You are viewing a plain text version of this content. The canonical link for it is here.
Posted to user@storm.apache.org by Alberto Coello <co...@gmail.com> on 2020/09/22 14:13:27 UTC

Dynamic topologies

Greetings,
I have seen some discussions on this topic online but nothing conclusive
yet. I wanted to ask if there is any way to change the wiring of spouts and
bolts in runtime, my intention is to make a platform where users can
subscribe to different streams of data(Twitter, YT or whatever they want)
and then apply to it a given filter, I thought I could implement it on
Apache Storm but it seems to be more of a framework thought to deploy a
single behaviour topology for each cluster. Instead, I think that for me
would work better if I could implement bolts which do an specific filtering
task(blocking a specific word, blocking tweets with less than N retweets,
etc) and then wiring them according to what the user wants(some user may
want to use some filtering feature while others don't). The thing is that
given a configuration(by the user), I would like to change the wiring of
the topology. And also the bolts should be able to read some parameters
given by the user(like the word to block, or the number N used to block
tweets with less than N retweets).

I have found a framework built on top of Storm called Flux that lets you
change the wiring in runtime, the doubt I have is that if I use this I
should provide every user with a different cluster/topology, that they
could configure. But some problems will appear with this implementation:
1)If I wanted to add a new filtering feature, adding a new bolt to my
topology, I would have to redeploy every single user's cluster. ¿Would this
be a problem?
2)Would it have any sense that users will not share topologies? I mean if
it would be killing flies with cannons, since probably most of the clusters
would not be getting a big data size stream.
3)Scalability, How could I manage which bolts deploy where, in terms of
expected performance demand, and how could I move them or give them more
resources so they can cope with the stream they are receiving?
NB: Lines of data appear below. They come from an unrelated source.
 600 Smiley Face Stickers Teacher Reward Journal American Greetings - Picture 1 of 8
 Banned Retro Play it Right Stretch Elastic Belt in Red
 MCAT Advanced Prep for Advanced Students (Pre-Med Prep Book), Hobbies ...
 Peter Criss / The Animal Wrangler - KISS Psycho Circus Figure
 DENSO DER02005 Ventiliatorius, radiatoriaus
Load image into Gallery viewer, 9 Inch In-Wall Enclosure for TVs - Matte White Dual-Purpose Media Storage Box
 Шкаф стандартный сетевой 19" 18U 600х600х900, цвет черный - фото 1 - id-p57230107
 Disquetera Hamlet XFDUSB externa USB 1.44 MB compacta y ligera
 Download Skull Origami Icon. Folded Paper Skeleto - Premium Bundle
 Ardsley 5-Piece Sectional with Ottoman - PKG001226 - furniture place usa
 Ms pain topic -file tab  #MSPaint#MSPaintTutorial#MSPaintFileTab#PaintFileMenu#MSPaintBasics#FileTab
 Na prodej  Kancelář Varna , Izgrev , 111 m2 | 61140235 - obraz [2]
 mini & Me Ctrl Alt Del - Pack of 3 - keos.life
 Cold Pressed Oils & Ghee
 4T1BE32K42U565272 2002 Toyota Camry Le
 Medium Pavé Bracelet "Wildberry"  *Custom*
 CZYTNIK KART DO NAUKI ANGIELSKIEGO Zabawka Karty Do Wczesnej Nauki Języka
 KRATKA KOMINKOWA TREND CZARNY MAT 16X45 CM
I think that maybe these could be fixed with docker swarm so it would give
me more flexibility but I do not know if there is another framework of real
time stream processing that would fit my necessities better or other
containering tool or other way of facing the problem that would help me.
I appreciate any suggestion or help, I am pretty stuck right now.
PD: I have checked distributed RPC but still in doubt.
Thanks a lot,
Alberto